Diamond is navigating through bankruptcy proceedings in the wake of significant financial losses that were caused by the debt it incurred from the initial purchase and the accelerated rate of cord cutting throughout the United States. Diamond owns the regional sports networks for 42 teams across the NHL, NBA and MLB, the latter of which comprises 14 teams. Teams who are not paid their rights fees are essentially free to break their contracts, and the Padres, who boast one of the most star-laden teams in the sport, are the first to fall out.
A spokesperson for Diamond Sports Group said in a statement: "While DSG has significant liquidity and has been making rights payments to teams, the economics of the Padres' contract were not aligned with market realities. MLB has forced our hand by its continued refusal to negotiate direct-to-consumer (DTC) streaming rights for all teams in our portfolio despite our proposal to pay every team in full in exchange for those rights. We are continuing to broadcast games for teams under our contracts."
But Diamond has paid only half its rights fees to the Minnesota Twins, Texas Rangers, Arizona Diamondbacks and Cleveland Guardians. A hearing is scheduled for Wednesday in Houston, during which a bankruptcy judge will preside over Diamond's claims that it should essentially pay lesser rights fees to those teams in order to account for the market forces that have diminished the traditional cable model in recent years. The judge's ruling, which might not be made until late Thursday afternoon, will play a big role in Diamond determining which other contracts it keeps or sheds as part of the bankruptcy process.
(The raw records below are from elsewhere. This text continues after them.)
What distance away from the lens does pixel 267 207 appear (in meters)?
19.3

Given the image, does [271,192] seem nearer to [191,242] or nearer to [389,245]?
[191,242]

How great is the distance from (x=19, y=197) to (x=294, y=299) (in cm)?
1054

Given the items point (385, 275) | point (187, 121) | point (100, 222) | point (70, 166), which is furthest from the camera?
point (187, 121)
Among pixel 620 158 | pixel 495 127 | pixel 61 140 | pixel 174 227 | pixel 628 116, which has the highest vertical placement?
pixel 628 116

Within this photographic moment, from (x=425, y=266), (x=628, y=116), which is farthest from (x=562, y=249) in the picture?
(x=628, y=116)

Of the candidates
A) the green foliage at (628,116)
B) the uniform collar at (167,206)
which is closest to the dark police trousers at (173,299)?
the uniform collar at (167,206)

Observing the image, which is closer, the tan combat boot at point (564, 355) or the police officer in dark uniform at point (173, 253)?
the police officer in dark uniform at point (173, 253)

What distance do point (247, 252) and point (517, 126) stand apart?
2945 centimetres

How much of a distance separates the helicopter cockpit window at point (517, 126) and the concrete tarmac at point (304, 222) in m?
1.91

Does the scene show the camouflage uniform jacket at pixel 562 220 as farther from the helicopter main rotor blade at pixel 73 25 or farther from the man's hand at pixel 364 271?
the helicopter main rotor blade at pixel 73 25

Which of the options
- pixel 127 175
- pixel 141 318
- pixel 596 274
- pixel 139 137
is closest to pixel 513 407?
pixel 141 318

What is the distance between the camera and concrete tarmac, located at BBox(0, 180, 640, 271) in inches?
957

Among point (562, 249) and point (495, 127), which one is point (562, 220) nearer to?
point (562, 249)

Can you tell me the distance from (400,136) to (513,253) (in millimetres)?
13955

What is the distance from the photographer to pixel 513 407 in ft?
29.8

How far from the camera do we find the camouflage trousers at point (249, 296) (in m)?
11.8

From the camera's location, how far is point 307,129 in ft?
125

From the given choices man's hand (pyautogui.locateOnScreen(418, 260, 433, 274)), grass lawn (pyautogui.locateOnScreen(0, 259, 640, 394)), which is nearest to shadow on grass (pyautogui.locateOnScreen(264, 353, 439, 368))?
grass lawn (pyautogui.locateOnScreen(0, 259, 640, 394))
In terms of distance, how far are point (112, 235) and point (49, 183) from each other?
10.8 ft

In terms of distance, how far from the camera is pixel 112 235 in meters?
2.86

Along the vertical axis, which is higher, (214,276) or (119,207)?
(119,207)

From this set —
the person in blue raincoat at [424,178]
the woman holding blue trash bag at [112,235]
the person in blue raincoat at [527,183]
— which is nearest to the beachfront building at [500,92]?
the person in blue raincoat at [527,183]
Sinclair, under the Diamond Sports Group subsidiary, initially paid $10.6 billion to purchase the broadcasting rights for 21 MLB, NHL and NBA teams from Fox in 2019. But the company incurred about $8 billion of debt in order to do so, making it exceedingly vulnerable as the cable model deteriorated within a digital era. An interest-only payment to creditors was skipped on Feb. 15, 2023, triggering the 30-day grace period that spilled into Chapter 11 bankruptcy reorganization, during which Diamond planned to shed its least profitable assets and hope to build a more sustainable business for the long term.
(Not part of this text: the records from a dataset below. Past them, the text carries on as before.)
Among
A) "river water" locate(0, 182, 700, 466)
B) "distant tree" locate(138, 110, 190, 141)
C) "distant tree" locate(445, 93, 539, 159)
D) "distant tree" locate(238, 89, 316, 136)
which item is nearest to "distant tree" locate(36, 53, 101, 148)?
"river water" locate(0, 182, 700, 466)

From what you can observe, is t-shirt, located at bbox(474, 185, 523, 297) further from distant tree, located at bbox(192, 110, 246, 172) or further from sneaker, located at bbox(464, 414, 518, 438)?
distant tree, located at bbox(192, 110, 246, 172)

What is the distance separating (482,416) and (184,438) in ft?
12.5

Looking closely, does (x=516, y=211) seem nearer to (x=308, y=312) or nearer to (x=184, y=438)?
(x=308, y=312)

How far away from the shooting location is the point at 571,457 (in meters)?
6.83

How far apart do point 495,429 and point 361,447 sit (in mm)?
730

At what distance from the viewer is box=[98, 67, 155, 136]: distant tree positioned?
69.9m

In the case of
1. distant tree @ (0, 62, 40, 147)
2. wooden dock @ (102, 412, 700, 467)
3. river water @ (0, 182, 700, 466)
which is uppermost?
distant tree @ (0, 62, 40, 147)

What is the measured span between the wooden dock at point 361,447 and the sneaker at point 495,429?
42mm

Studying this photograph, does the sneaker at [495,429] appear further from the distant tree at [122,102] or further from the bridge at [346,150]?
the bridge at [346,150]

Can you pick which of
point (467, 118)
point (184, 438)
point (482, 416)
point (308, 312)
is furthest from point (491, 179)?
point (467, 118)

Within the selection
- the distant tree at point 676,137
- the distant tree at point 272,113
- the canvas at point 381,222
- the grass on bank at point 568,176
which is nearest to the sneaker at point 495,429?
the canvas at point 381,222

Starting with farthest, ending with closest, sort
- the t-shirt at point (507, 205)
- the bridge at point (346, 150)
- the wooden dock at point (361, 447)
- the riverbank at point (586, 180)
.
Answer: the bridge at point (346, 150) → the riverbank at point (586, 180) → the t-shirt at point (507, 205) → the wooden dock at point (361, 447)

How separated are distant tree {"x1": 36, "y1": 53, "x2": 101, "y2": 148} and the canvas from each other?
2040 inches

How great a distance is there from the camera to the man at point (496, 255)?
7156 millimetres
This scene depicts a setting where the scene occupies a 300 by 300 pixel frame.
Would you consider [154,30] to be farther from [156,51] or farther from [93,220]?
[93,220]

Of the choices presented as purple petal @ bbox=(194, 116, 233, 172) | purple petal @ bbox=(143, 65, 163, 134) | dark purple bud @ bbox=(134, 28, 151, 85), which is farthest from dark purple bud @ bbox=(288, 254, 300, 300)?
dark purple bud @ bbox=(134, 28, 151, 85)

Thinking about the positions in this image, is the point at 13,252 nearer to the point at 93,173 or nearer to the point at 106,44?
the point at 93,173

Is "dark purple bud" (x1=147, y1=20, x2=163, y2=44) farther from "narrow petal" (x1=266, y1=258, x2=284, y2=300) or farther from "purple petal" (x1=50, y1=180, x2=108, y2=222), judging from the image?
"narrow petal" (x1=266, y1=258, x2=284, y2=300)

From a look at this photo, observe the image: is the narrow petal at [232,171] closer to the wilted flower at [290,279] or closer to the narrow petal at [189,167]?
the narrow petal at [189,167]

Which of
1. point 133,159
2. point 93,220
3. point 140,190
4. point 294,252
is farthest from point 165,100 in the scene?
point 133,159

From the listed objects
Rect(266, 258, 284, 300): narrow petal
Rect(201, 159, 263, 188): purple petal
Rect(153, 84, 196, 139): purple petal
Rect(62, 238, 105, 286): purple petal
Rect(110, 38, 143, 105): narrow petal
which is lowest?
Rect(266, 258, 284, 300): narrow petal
The Padres entered this season with the third-highest payroll in baseball and feature a roster outfitted with stars such as Manny Machado, Fernando Tatis Jr., Juan Soto and Xander Bogaerts. But Diamond nonetheless claims it was losing tens of millions of dollars by keeping the Padres, due in part to the lack of streaming rights.
Diamond has the streaming rights to only five teams -- the Kansas City Royals, Milwaukee Brewers, Tampa Bay Rays, Detroit Tigers and Marlins -- and has stated it needs to secure additional ones in order to prop up its Bally Sports+ app and become more profitable. Diamond proposed continually paying the rights fees for all teams under its umbrella in exchange for those streaming rights but didn't offer additional compensation. MLB, leery of extending more rights to a company that had to file for bankruptcy, has balked at the offer.
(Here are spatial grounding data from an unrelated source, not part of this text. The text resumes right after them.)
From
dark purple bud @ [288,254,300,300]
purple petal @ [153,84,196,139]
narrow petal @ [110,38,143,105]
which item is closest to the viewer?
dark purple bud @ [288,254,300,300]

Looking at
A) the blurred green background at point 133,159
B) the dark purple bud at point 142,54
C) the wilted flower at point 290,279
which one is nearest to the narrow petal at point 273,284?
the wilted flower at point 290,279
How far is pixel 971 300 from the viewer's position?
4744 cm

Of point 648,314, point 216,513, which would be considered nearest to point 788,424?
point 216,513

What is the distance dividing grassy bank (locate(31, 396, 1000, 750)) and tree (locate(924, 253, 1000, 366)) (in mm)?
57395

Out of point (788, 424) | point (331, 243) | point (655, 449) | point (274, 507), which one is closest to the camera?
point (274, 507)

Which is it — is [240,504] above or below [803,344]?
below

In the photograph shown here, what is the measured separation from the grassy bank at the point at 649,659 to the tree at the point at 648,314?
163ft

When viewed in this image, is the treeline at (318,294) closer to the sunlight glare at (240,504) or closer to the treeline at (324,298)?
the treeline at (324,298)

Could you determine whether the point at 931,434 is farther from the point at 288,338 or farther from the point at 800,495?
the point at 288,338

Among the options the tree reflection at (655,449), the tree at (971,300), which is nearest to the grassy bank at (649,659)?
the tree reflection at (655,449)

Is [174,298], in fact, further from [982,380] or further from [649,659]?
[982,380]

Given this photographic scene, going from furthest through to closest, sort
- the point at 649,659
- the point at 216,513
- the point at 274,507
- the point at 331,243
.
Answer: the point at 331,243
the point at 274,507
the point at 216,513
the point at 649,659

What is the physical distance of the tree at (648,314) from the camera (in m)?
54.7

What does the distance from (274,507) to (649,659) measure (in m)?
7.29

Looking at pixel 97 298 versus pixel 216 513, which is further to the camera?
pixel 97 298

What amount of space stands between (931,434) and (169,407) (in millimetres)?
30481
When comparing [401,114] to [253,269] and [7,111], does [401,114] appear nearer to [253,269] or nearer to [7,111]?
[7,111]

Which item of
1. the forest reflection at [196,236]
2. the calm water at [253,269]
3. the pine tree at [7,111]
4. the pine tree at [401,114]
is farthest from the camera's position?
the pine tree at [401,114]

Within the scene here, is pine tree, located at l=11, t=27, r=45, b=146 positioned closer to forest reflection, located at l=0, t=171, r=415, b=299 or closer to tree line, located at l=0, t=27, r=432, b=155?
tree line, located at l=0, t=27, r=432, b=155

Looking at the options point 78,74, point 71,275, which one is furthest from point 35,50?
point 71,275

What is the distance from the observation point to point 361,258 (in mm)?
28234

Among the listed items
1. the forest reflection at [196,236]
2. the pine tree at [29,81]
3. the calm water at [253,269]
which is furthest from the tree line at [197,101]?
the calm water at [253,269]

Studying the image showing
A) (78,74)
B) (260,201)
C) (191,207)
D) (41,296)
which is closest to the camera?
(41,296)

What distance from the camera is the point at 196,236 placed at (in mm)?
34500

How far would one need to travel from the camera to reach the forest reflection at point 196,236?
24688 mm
MLB has continually stated its desire for Diamond to abide by its contracts with teams, but in the long term the league wants to fit all broadcasting rights under a national umbrella. League executives have been adamant that doing so is the best way to eventually pivot from the traditional cable model, eliminate blackouts that have significantly hindered the sport's reach and ultimately maximize revenues.
The Padres are simply a first step.
"Through the power of Major League Baseball and the Padres, we are working to elevate the game broadcast experience of all Padres fans," Billy Chambers, MLB's executive vice president of local media, said in a statement. "New technology, better picture quality and increased access are just a few of the items we are working on to better tell the story each and every night."